## What is needed:
Exactly as written, copy the lines that run from the start of the data below to the line containing "Load image into", both ends included.

## Input records:
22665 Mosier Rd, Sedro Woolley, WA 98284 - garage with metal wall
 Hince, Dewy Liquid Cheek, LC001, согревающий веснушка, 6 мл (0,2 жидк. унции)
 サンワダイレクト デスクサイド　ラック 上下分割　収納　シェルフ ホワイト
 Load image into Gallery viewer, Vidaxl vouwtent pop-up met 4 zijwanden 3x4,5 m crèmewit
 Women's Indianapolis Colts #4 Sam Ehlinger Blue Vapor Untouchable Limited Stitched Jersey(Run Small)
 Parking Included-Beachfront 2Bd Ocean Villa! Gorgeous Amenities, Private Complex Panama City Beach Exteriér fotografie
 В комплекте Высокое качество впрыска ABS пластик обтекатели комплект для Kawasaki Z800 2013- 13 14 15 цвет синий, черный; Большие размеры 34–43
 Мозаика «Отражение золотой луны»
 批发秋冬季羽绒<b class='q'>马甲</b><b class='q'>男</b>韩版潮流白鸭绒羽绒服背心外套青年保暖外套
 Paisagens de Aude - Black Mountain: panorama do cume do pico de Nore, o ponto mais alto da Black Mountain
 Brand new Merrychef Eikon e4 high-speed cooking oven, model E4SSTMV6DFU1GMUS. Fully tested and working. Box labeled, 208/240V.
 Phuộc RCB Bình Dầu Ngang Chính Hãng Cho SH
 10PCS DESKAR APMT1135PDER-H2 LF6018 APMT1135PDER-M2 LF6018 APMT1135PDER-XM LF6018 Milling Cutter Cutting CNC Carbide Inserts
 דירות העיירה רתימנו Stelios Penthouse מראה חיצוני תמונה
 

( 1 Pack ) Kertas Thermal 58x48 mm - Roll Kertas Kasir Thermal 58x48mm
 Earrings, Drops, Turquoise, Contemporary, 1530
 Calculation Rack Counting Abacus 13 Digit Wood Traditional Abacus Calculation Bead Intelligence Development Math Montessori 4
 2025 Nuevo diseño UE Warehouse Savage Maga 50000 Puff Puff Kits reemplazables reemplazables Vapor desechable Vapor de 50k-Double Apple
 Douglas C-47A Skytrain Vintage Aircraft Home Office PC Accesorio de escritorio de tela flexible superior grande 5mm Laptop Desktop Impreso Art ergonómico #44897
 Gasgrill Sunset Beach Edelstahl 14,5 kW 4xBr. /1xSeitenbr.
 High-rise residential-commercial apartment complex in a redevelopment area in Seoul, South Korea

## Answer area:
22665 Mosier Rd, Sedro Woolley, WA 98284 - garage with metal wall
 Hince, Dewy Liquid Cheek, LC001, согревающий веснушка, 6 мл (0,2 жидк. унции)
 サンワダイレクト デスクサイド　ラック 上下分割　収納　シェルフ ホワイト
 Load image into Gallery viewer, Vidaxl vouwtent pop-up met 4 zijwanden 3x4,5 m crèmewit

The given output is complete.